SIDEBAR: I hate it when you do that!

No matter how much two people love each other, they will always have habits and quirks that drive each other crazy.

Gabrielle annoys Xena by… 

  • Obsessing about petty things.

  • Taking forever to weigh all the options for a decision.

  • Chattering on and on about one of her ideas.

  • Being bubbly and optimistic.

  • Using Xena’s Chakram as a fishknife or a back scratcher.

Xena annoys Gabrielle by…

  • Always being right.

  • Making all the decisions without consulting Gabrielle.

  • Not telling her about important things (like having a son or another brother).

  • Being cynical and pessimistic.

  • Protecting her from bandits, warlords and dark secrets, when she doesn’t need protecting.


SIDEBAR: Dangerous Liaisons

Through the years of their friendship, Xena and Gabrielle have also developed close relationships with three very special people:

Ares

The God of War has spent the last five years trying to win back his Warrior Princess. Naturally, Gabrielle gets caught up in his machinations nearly as much as Xena. Recently he has even tried to win Gabrielle to his service. If he can’t have Xena, what better successor than the woman she trained? Yet his attempt to buy Xena’s affections by saving Eve reveals that, for him, Xena will always be the one and only.

Callisto

Obsessed with taking revenge on Xena for the death of her family, Callisto has always known that the best way to hurt Xena is to attack Gabrielle. Her alliances with Ares, with Hope, and with Caesar have had devastating consequences for them and for herself. All the debts have now been paid. As Xena saved Callisto from Hell, Callisto helped restore Xena and Gabrielle to life, and gave Xena her own soul to be reborn as her child.

Joxer

As would-be warrior and genuine bumbler, Joxer brings in a level of slapstick comedy that contrasts with Xena’s warrior prowess and makes Gabrielle’s sidekick insecurities seem wonderfully competent. As their closest friend, he is also a surrogate for our own feelings about them, especially in tragedy. When Gabrielle and Xena are crucified, it is Joxer’s grief that moves us the most. And while Xena has the obsessions of Ares and Callisto, Gabrielle has Joxer’s love.


SIDEBAR: Do they or don’t they?

The great unresolved question about Xena and Gabrielle is whether or not these two close and lifelong friends are also lovers.

Within the series itself, the evidence is deliberately inconclusive. Both Xena and Gabrielle have had male romantic partners, and the nearest we have ever seen them come to physical intimacy is a kiss given when Xena is sharing the body of Autolycus. Yet their daily contact is full of touches, glances and embraces that could be interpreted romantically. More important from a romantic viewpoint is the emotional intimacy they have developed over the years. It’s impossible to imagine either of them forsaking the other to fall in love with anyone else.

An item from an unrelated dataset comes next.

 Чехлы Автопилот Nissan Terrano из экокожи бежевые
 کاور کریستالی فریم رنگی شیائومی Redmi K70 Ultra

In the real world, Xena fans include both those who believe homosexuality is immoral, and those who advocate full political and civil rights for homosexuals. Both sides want to claim Xena as their own champion of strong female role models. While those in favour of the subtext may wish that the show would make a definitive statement, there are just as many on the other side who could not accept such a relationship. The subtext can never be addressed directly as long as homosexuality remains a divisive political and social issue in our culture. 

In an interview in the first issue of this magazine, Executive Producer Rob Tapert gave his definitive response to questions about the relationship: “Xena and Gabrielle are the best of mates, and whether they have a sexual relationship is kind of their own business. But they certainly love one another. They would die for one another. Would they be open to sexual experimentation between the two of them? I assume that they would, but I’ve never seen it in a script or on film…

“I don’t want to be the one who says, ‘This is what’s right.’ But I also want to leave the door open for people to say that there’s certainly nothing wrong with this… Both Xena and Hercules have gone out of their way not to pass judgement on people for their race, creed, colour or sexual preference.”